The Time Surface is the name we use for the time-domain synthesis unit in Cycle. It's roughly equivalent to a multi-layered oscillator.
There are two windows that visualize different perspectives of the Time Surface.
The playback bar is the timeline of the sound. It has a playhead that sets the graphic position in time by left-dragging with the mouse.
The waveshape editor and spectrum are views of the sound's waveshape and harmonic spectrum at the time set here.
Note that for brevity, we say 'time' yet the playback bar will set the position of whatever is the currently viewed morphing axis (time is the default).
Another function of the Playback Bar is to set the view depth. This is done by right clicking on the bar a distance away from the playhead -- the depth will be the space between the two.
The view depth does two things: it sets how much of the rendered waveform is visible in the waveshape editor's visualization and it can be used as part of the workflow process of creating vertex paths.
When you zoom in or out on either the spectrogram or waveform surface, Cycle will keep the time axis of each panel synchronized, including the envelope panel.
This alignment provides a more intuitive visual feedback on the changes you're making when you edit an envelope.
To zoom to the attack part of the envelope, click the button left of the playback bar.
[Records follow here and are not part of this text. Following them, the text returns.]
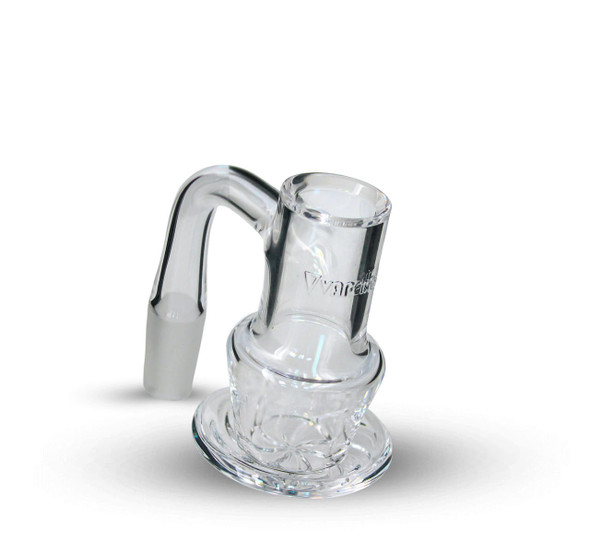 Domeless Slanted Quartz Banger Enail – Discount E-Nails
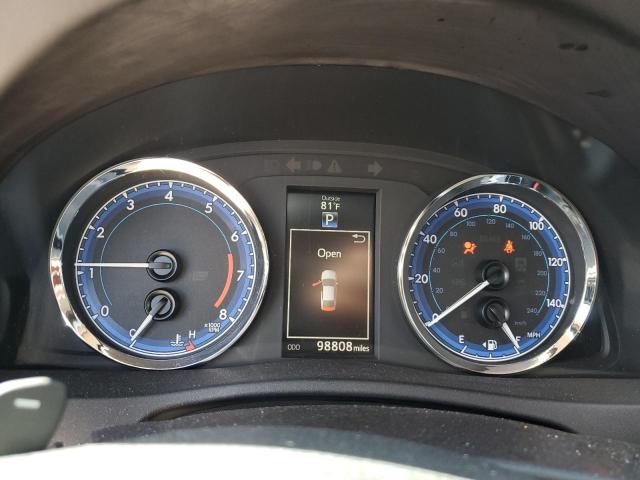 Photo 9 from auction – 2018 TOYOTA COROLLA L with VIN 2T1BURHE7JC991996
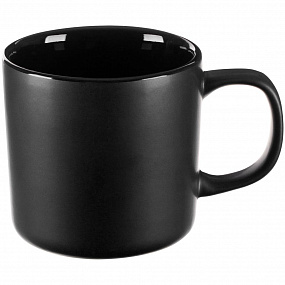 Gifts: кружка eastpresso, черная 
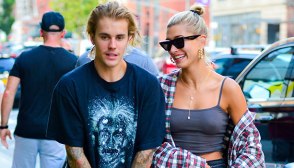Justin Bieber & Hailey Baldwin Crying Reason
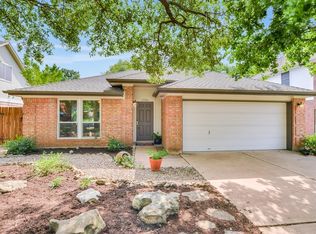 12706 Tantara Dr, Austin, TX 78729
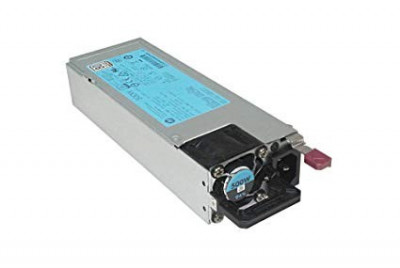 Sursa server HP PROLIANT DPS-500AB-13 DL360 DL380 ML350 GEN9 G9 GEN10 G10 723595-101 723594-001 754377-001 500W foto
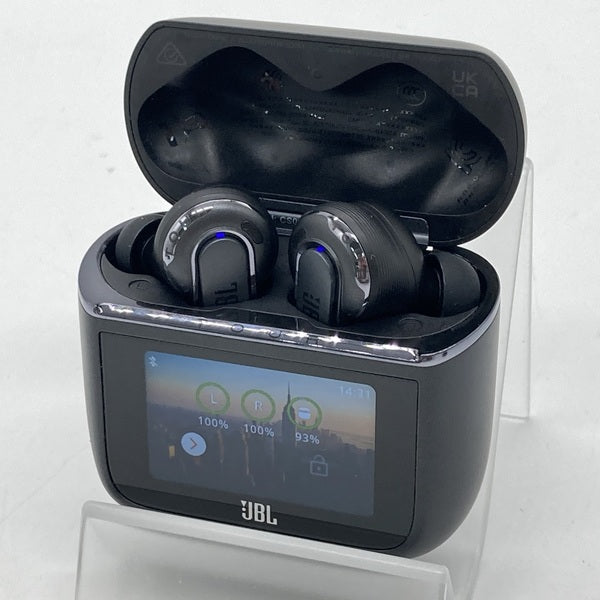 【中古】TOUR PRO 3 ブラック【JBLTOURPRO3BLK】【日本橋】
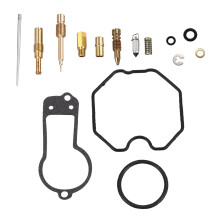 Carb Rebuild Kit For 1996-2004 XR250R Carburetor Repair Kit Motorcycle Accessories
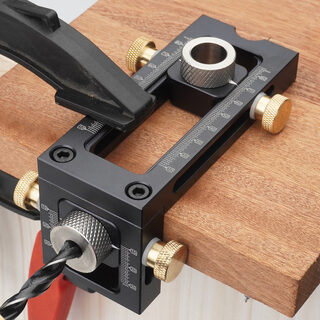Screw Puncher Phillips Oblique Flat Head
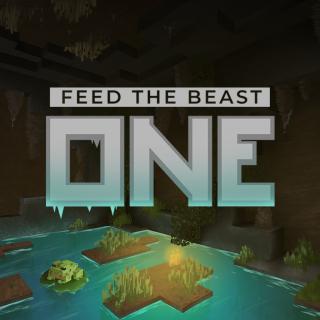 Modpack artwork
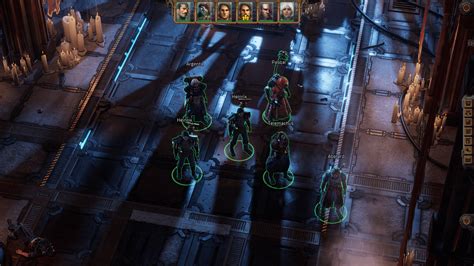 So I found a dupe glitch but, uh... : r/RogueTraderCRPG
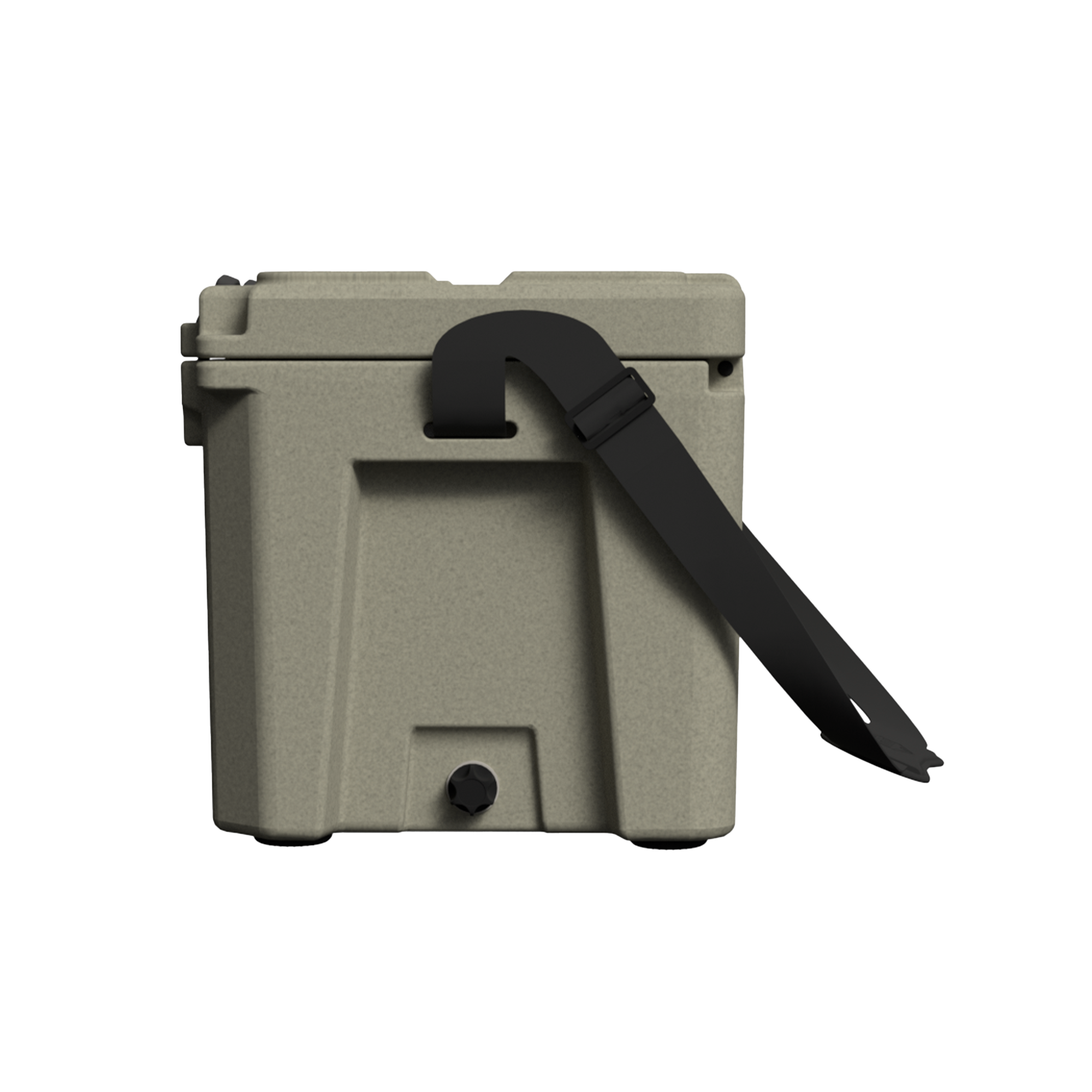 25 qt Basecamp Class™ Hard Cooler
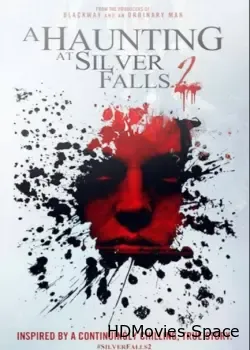 Серебряный водопад 2 (2019)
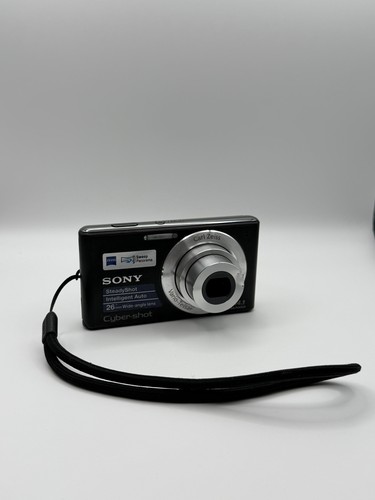 Sony cyber shot dsc w530 - cyber-shot, dsc-w530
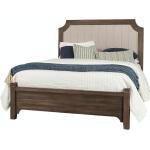 740 Bungalow Home Arched Bed Twin Folkstone Beds Customizable 8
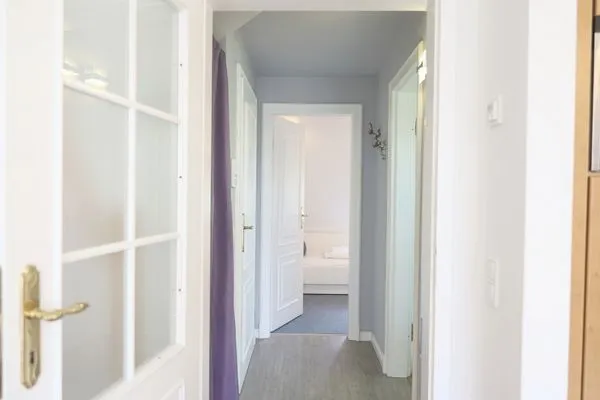   Uthlandstr. Haus Carolina, Whg. 3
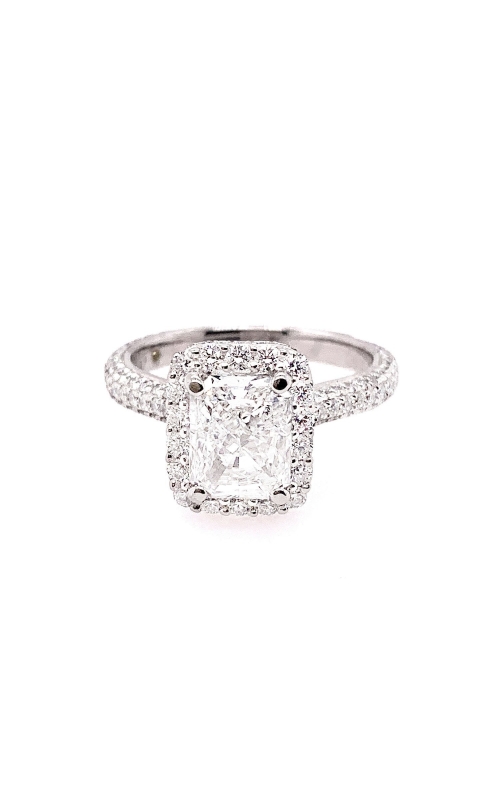 Milanj Diamonds Engagement Ring 030623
Each time this button is clicked, the panel will zoom in by a factor of 5.
To zoom back out, click the button.
This window shows the values of selected vertices. If more than one vertex is selected, each slider shows the average parameter value of the group.
Use these sliders to move groups of vertices or adjust a parameter of all of them at once.
Note that this is a workflow area and not connected with any audio processing, so these sliders aren't automable parameters.
Each vertex can have up to 6 parameters, if they're in a morphing domain, but in all areas with curves the vertices have at least an x- and y-position and a curve-sharpness value:
In Cycle, the defining structure of the sound has multiple dimensions it can morph over. These morphing ranges are by default time, key scale, and modulation.
The general term for each respectively is Yellow, Red, and Blue, because they can be remapped to multiple modulation sources.
The sliders in this panel set the position within that morphing space used to render visualizations of the sound.
Also, the sliders are an important part of the workflow of Cycle - the slider positions are used in the proximity-selection of vertices.
The Mesh Selector is a popup menu with a list of mesh presets.
When you hover over an item in the menu, the associated editor previews the contents of that mesh.
The menu also lets you save the current mesh data to a preset. Optionally you may provide a folder for the file to save into.
You may copy and paste mesh files if they are compatible. For example, you cannot copy an impulse response mesh file to the Spectrum Filter because they have different structure. However, you can copy and paste between the Spectrum Filter and Time Surface.